Quasi un capolavoro. Blasetti ha fatto tesoro della lezione dei grandi registi sovietici, in particolare (oltre ad Ejzenstejn, amato e ammirato da Blasetti) di Dovzenko e forse di Barnet, e con meno enfasi e retorica di regime; forse non arriva proprio al capolavoro, i capolavori sono rari e non amo distribuire le cinque stelle come fanno molti, ma gliele do, come per il poco noto (e molto più recente) “Pagine di vita” di Barnet, che lo ricorda per molti aspetti, in particolare per il finale di pura propaganda, imposto dal regime e appiccicato ad un film che poteva essere concluso prima; Blasetti ha avuto tempo e modo di eliminarlo dopo la caduta del fascismo. Valgono per 1860 molte cose che ho detto per il film di Barnet o per Arsenale di Dovzenko; immagini rapide e staccate di tragedie e violenze tanto più potenti in quanto appena suggerite, come qui all’inizio il soldato borbonico che colpisce i picciotti caduti per verificare che siano morti o per ucciderli; altre di tenerezza tanto più emozionante in quanto appena suggerita, come quando, dopo la battaglia di Calatafimi, Gesuzza cerca il marito Carmeliddu, crede di trovarlo ferito e morente, lo volta e ne solleva il capo e vede che non è lui, ma il ferito, forse accecato o in delirio, la crede sua madre e le chiede di non lasciarlo, di tenerlo così, e lei rimanda la ricerca del marito e lo tiene così finché lui muore. Alternate, molte scenette popolari, umoristiche e folkloristiche, che alleviano la tensione ed evitano la retorica, come quando Carmeliddu “impara” e ripete ciò che ascolta dai grandi; fra le cose che ascolta, ed è notevole che siano passate sotto il regime, i diversi contrapposti commenti e progetti sull’Italia futura, da Gioberti a Mazzini, con liti fra i sostenitori delle varie proposte e speranze… In treno due italiani polemizzano così, uno si alza indignato, l’altro lo segue per continuare a discutere, e due tedeschi si seggono nei posti che loro hanno lasciato; si ritrovano insieme a Quarto, e uno osserva che è meglio non discutere e incominciare ad agire, evitando che i tedeschi ci prendano il posto… Intanto si aggiungono patrioti dell’ultima ora, che il giorno prima avevano criticato Garibaldi ma che ora ritengono utile cambiare bandiera. Dopo 150 anni (e dopo 75 dal film: esattamente la metà) è tutto ancora di attualità.

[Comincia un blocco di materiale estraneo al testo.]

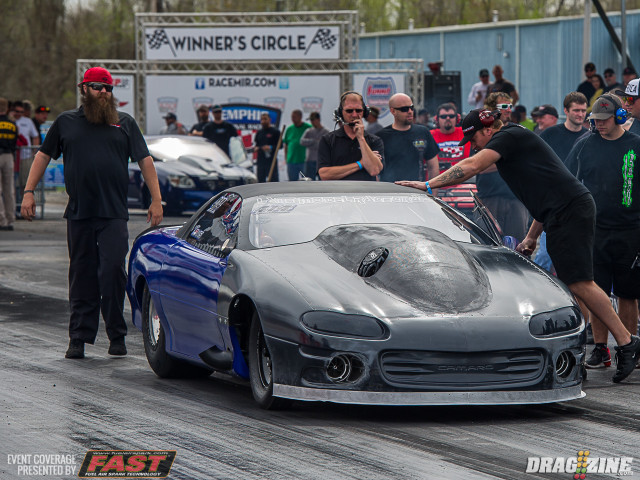 Steven Fereday hauled his Camaro from Houston to compete in Radial vs the World. Fereday's tuner, Josh Ledford (standing at the rear of the car) will have to look at the data and see why the swoopy F-Body lost traction. This team has been low 4.0's so don't expect their 7.53 to hold up.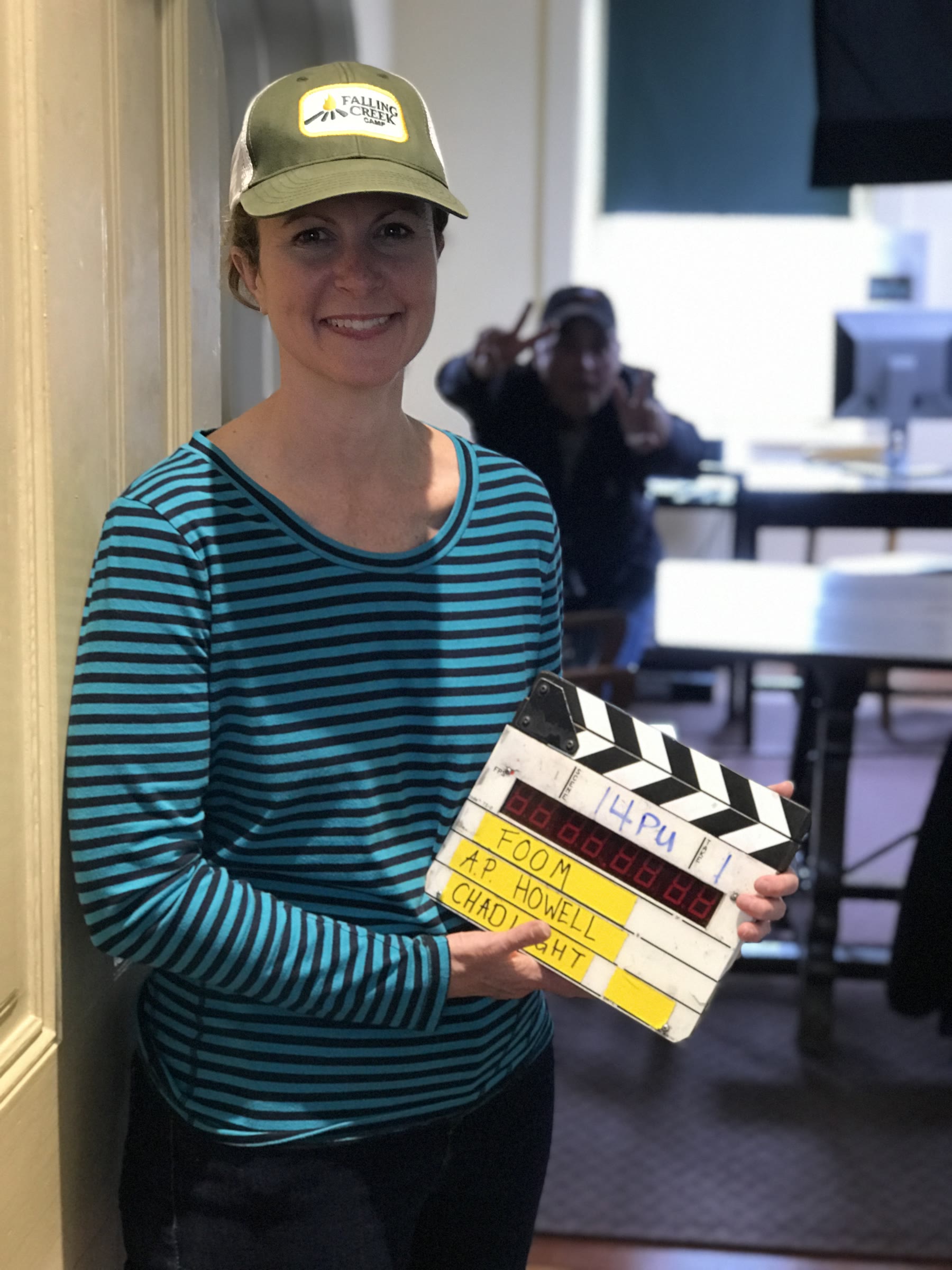 Grace H Bryan with a clapper board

Ma il film ha una grandezza che va ben oltre i momenti di commozione o le tematiche politiche: ha una grandiosità epica raramente conseguita anche nei grandi film del neorealismo; straordinari movimenti di masse, dei picciotti e delle donne sui monti e poi durante la battaglia, coerenti alla vicenda, che vede come protagonisti i picciotti e le loro donne (ottimamente rappresentati dai due protagonisti, Carmeliddu e Gesuzza), in implicita polemica con chi vede l’unità d’Italia come frutto intellettuale o borghese cui il popolo era indifferente. Indipendentemente da considerazioni storiche, che non interessano ai fini della valutazione artistica del film, questo accento sulla corale partecipazione popolare è resa magnificamente, e viene sottolineata per contrasto dagli incontri che fa Carmeliddu in viaggio per l’Italia (la principale ragione tematica e artistica di questo viaggio, narrativamente poco giustificato), di fronte a teorici e intellettuali che si perdono in inutili disquisizioni. Anche la … presenza costante di Garibaldi, tanto più incisiva proprio in quanto non lo si vede mai se non in fugaci apparizioni da lontano e lo si sente con voce fuori campo alla battaglia di Calatafimi (dove “o si fa l’Italia o si muore”), ha una forte carica epica; così come l’uso della natura, vista a volte con lo sguardo tenero e sorpreso di Barnet, a commento tacito delle situazioni, dai monti aspri durante le dure repressioni dell’esercito austriaco alla straordinaria fioritura di mandorli con l’arrivo dei garibaldini.